Resident says 4-1 decision violates flag protocol banning merchandising, politics – calls for new flag honoring civil rights progress
by Guy Page
The Colchester School Board voted 4-1 Tuesday night to continue to fly the Black Lives Matter flag at town schools. But first it heard Colchester resident and educator Genna Barnaby explain why doing so violates flag protocol and policy. She also suggested an alternative flag to honor civil rights and the end of slavery.
The board voted to continue to fly the BLM flag for another three months, beginning July 1. Attendees said the only audience members who spoke up all wanted the BLM flag removed. “I did not see one student from the school district present nor was there any black person present,” said Barnaby.

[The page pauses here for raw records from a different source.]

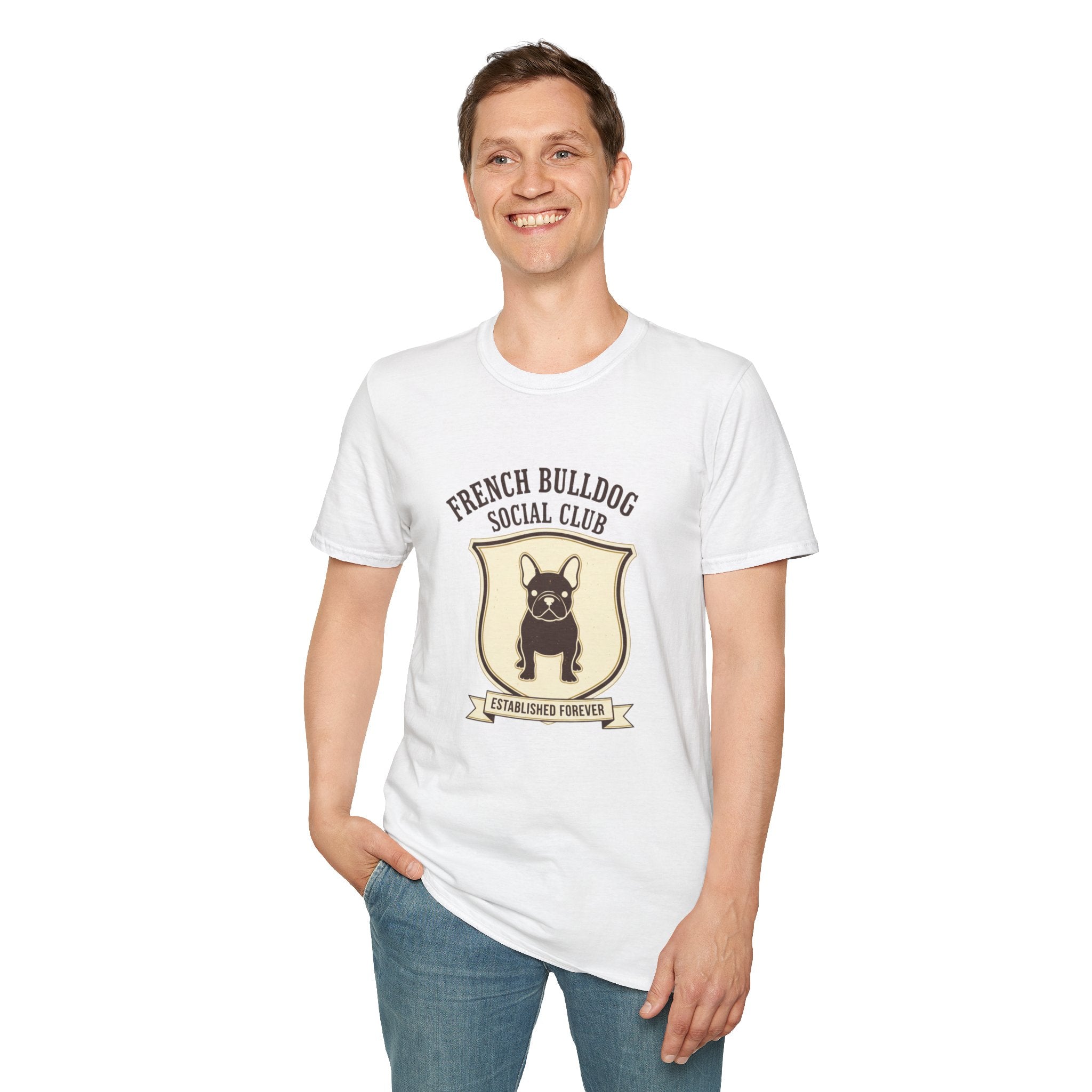 French Bulldog Social Club T-Shirt — Retro Crest Graphic Tee for Dog Lovers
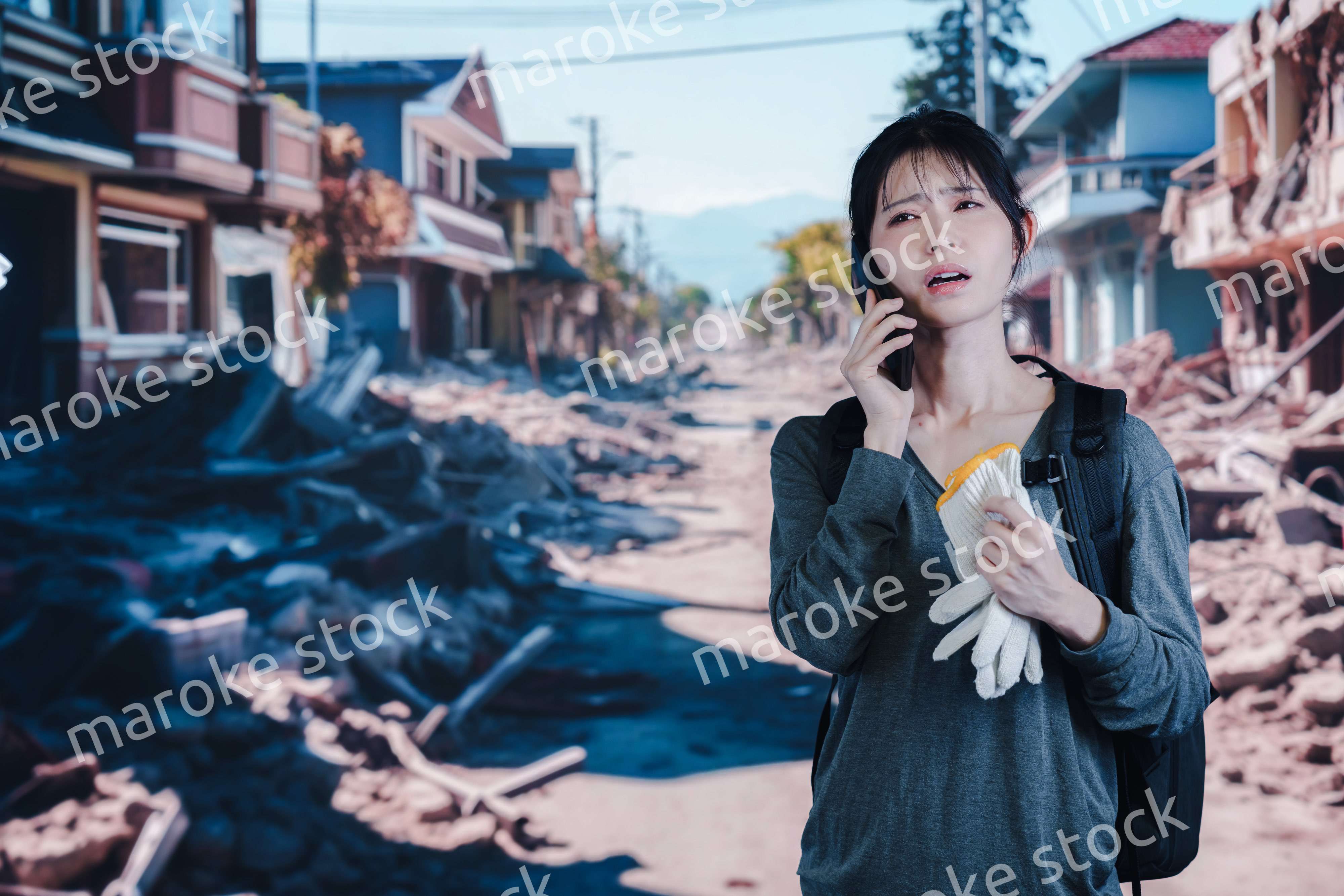 災害で被災した若い女性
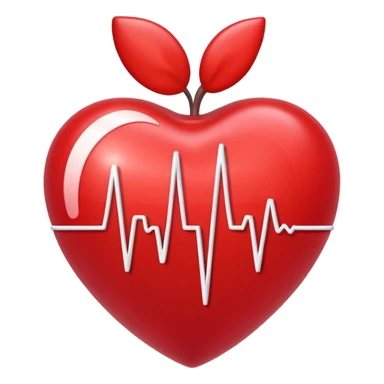 glossy red heart with white EKG line in PQRST waveform, soft gradients and highlights, Apple iOS style emoji sticker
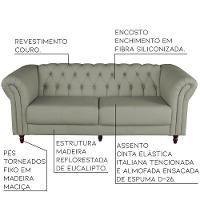 Sofá 2 Lugares Bérgamo 180cm Couro Fendi - 3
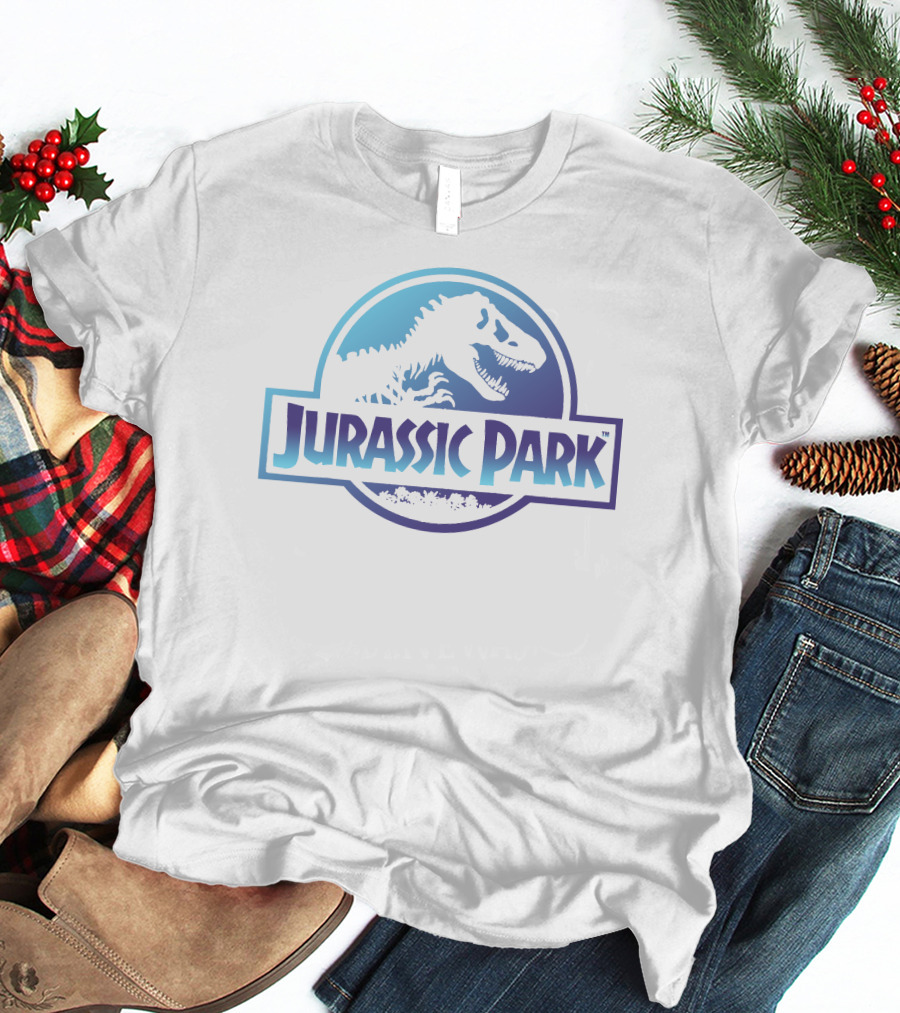 Jurassic Park Dinosaur Logo Blue And White T-Shirt
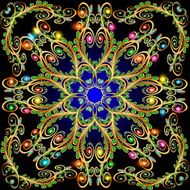 background with shiny ornaments and leaves of precious stones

The BLM organization uses its flag and the logo it carries for merchandising purposes. It’s inappropriate for the school district to fly a merchandising logo from the school flagpole, she said.
Rather than advertise and give implicit endorsement to a group founded by Marxists, “Colchester School District should consider a school-created flag that would symbolize CSD’s mission statement and intent,” and recognize events including the US legal ending of slavery on Jan. 1 1863, Martin Luther King Day on January 17, Black History Month in February, Juneteenth on June 19, 1865, and Vermont’s abolition of slavery on July 2, 1777,” Barnaby said.